Mia is a voracious reader, an adventurous cook and an advocate for all earth's creatures.

Laura Floom Manning
Laura Flooom Manning was born in the UK, but immigrated to the Los Angeles area as a small child, and has lived here since. She joined the co-op in July of 2010 and soon started volunteering. She joined the membership committee, and then started taking over the bookkeeping tasks. In early in 2011 she was appointed to the board and then in May she was voted in for a two year term. Laura has a BS in Business Administration (Accounting - Information Systems) from CSUN, and an MS in Computer Science from Loyola-Marymount. After graduation she worked as software engineer at several companies, including ten years at JPL. She left the workforce in 1993 after the birth of her second child. She home schooled both of her children, who have now left for college. In the mid-70s Laura took a year off from college to work for the United Farm Workers. She started out working as a volunteer for the "Yes on 14" campaign that would have strengthened the rights of Farm Workers. After the election she joined them full time and was the office manager/bookkeeper for the Los Angeles Boycott office. She feels strongly about local control and sourcing of our food and fair trade issues. She also started volunteers at Ten Thousand Villages, one of the world’s oldest and largest fair trade organizations.

Tricia Keane
Tricia Keane is a combination of backyard farmer, locavore, and land use and development attorney, who firmly believes that food that is both healthy for us and the environment should be accessible to everyone. Tricia has been a part of the Arroyo Food Co-op since early 2011. She was elected to the Board of Directors in May 2011 and currently serves as the lead of the Bricks & Mortar Team.
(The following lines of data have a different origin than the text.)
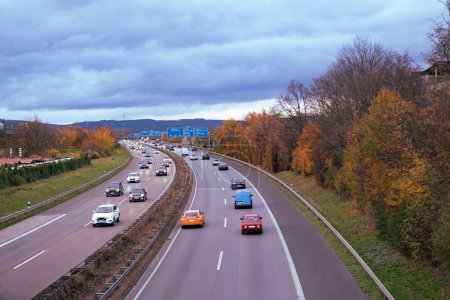 Foto de Los vehículos de pasajeros y mercancías viajan a lo largo de la autopista A5 en Alemania, con montañas Taunus en el fondo, red de transporte, tráfico de seguridad en la carretera, vida moderna de la ciudad - Imagen libre de derechos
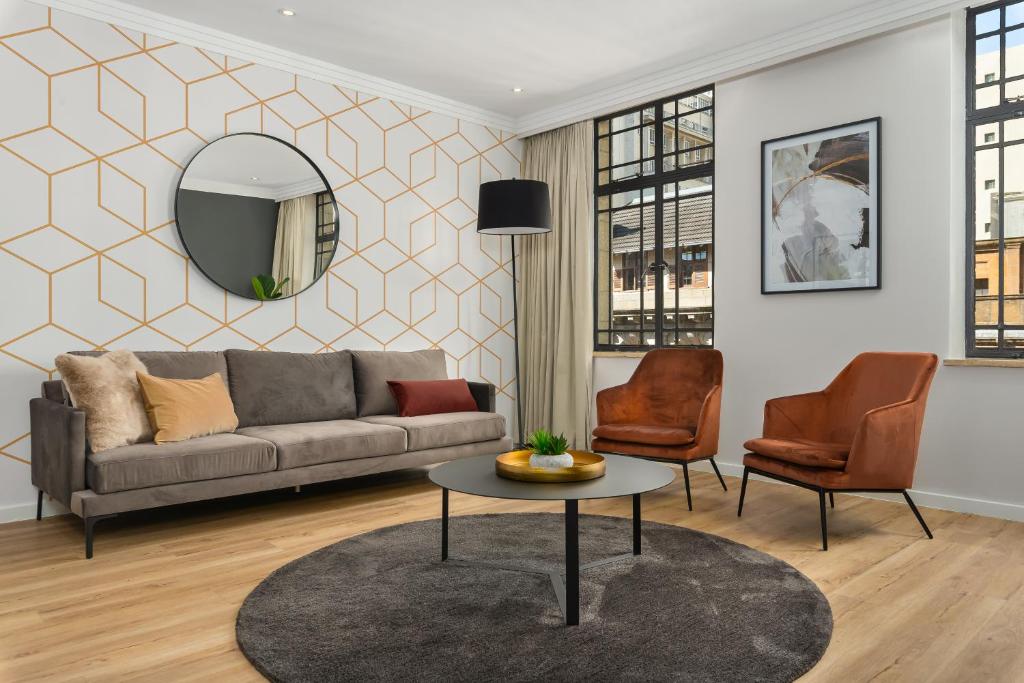 een woonkamer met een bank, een tafel en stoelen bij Mandela Rhodes Luxury Apartments in Kaapstad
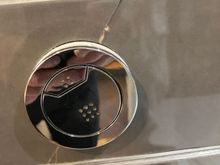 Cracked tiles around toilet flush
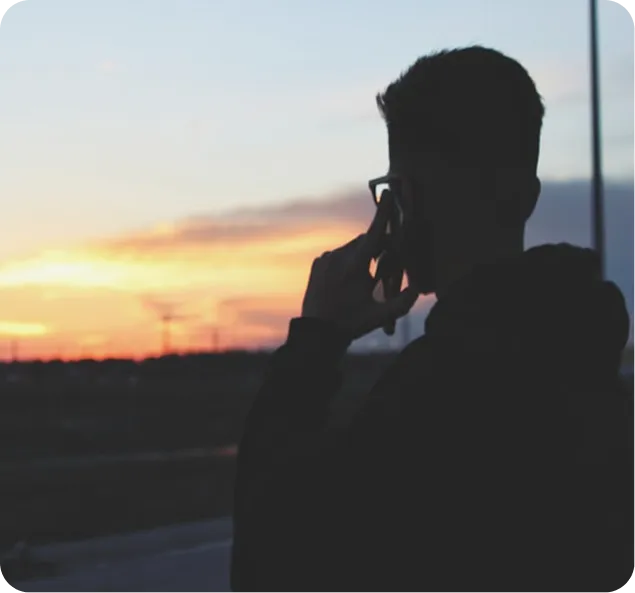 Silhouette of person talking on phone against sunset sky.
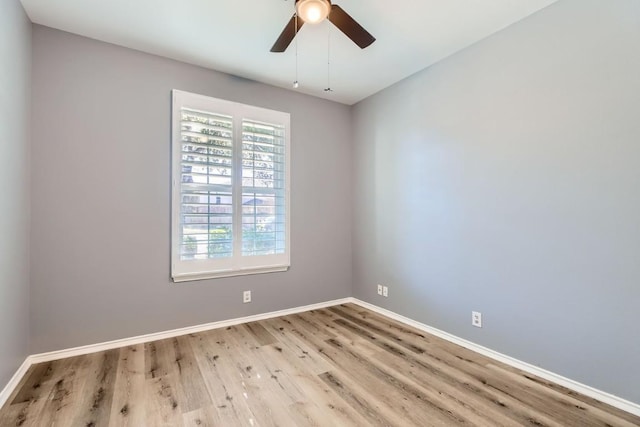 unfurnished room with light wood-type flooring and ceiling fan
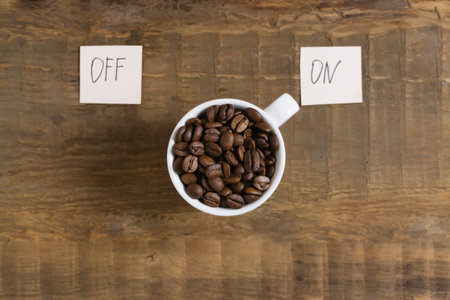 Coffee beans in a white cup with the words on and off on pieces of paper on a wooden background. Top view. Morning coffee concept.の写真素材
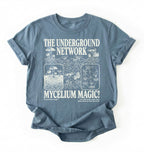 Flat lay of a stoneblue t-shirt featuring Mycelium network mushroom and root network illustrations with text reading “The Underground Network Mycelium Magic” with forest fungi design perfect gift for mushroom lovers nature fans and cottagecore style on a white background 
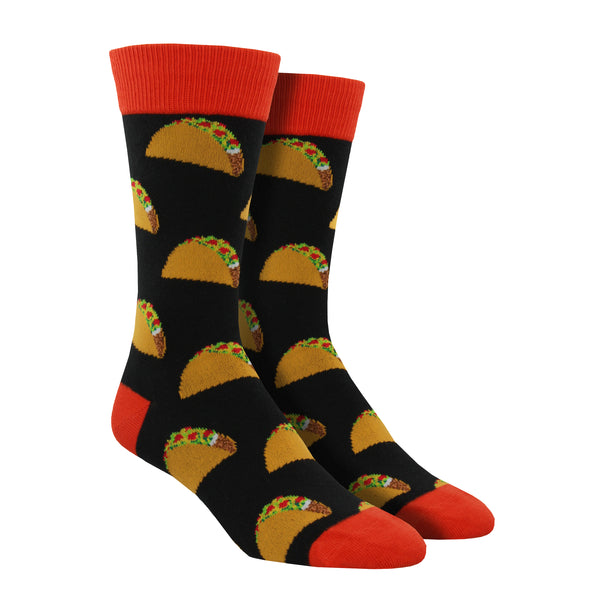 Shown on a foot form, a pair of Socksmith's black cotton men's crew socks with orange cuff/heel/toe and all-over pattern of delicious hardshell tacos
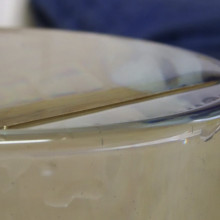 The needle is held up by surface tension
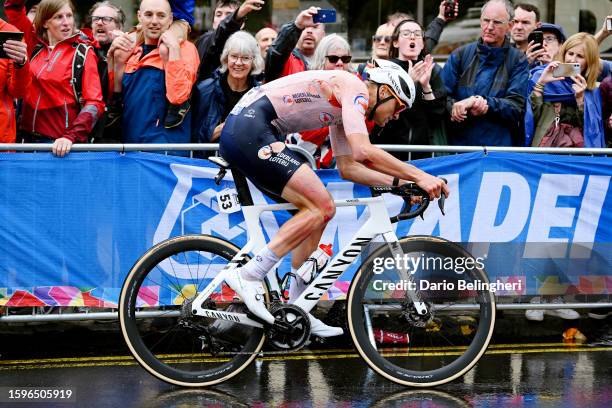 Mathieu Van Der Poel of The Netherlands competes in the breakaway injured after crashes during the 96th UCI Cycling World Championships Glasgow 2023,...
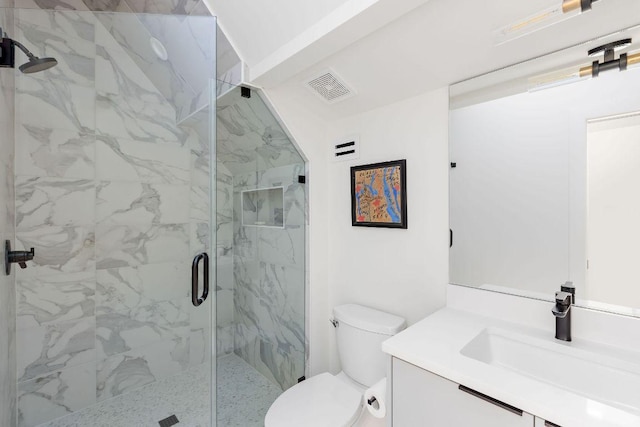 2305 E 17th St Unit B, Austin, TX 78702 - bathroom featuring vanity, toilet, and a marble finish shower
Originally from Ohio, Tricia moved to California in 1998 to attend law school at UCLA and eventually made her way to Pasadena in 2002. She has been active in the local community for years, and regularly volunteers her time for issues that are near and dear to her heart, such as animal rights and welfare and the empowerment of women and youth throughout our communities. Tricia is also a member of the Board of Directors of the YWCA of Greater Los Angeles. In her free time, Tricia gets outside as much as possible, and you may have seen her running and running and running all over the Pasadena and Altadena areas.

Joe Masiero
Joe is currently a postdoctoral researcher at NASA's Jet Propulsion Laboratory in Pasadena, and has lived here since October 2009. Originally from New Jersey, he studied astronomy as an undergraduate at Penn State University and got his Ph.D. in the same field from the University of Hawaii's Institute for Astronomy in September 2009. Joe has previously served on the Board of Directors for Wisdom Factors International, a non-profit organization in Hawaii aiming to wise up the world. Joe has been involved with the Arroyo Food Co-op since October 2010 when he met with members tabling at the Victory Park Farmer's Market and was drawn in. He was elected to the Board of Directors for the Arroyo Food Co-op in May 2011 and is currently leading the IT Team. Joe has a passion for fresh, local food, and envisions the Co-op as a way bring good food to the people of Altadena and Pasadena (and beyond!) while building community and neighborliness. Joe's hobbies include cooking, hiking, and playing the bagpipes.

Patrick Reagan
The guy that started the Arroyo Food Co-op, Patrick got his start on the coast of New Hampshire. He attended the Rochester Institute of Technology to study photography and business management. A few jobs took him around the country - at one point to Seattle where his main grocery source was the Puget Consumer's Co-op. But it was the lure of show business that brought him to Southern California. The Walt Disney Company hooked him for 14 years for animation production management projects and later the design of software for those projects. Now a software contractor, Patrick develops database application software for a number of companies. Food, social rationality, community and environmental issues drive him to make the Co-op happen. It's the memory of that wonderful co-op in Seattle, and the dearth of sustainable grocery store options in our area, that keeps him going.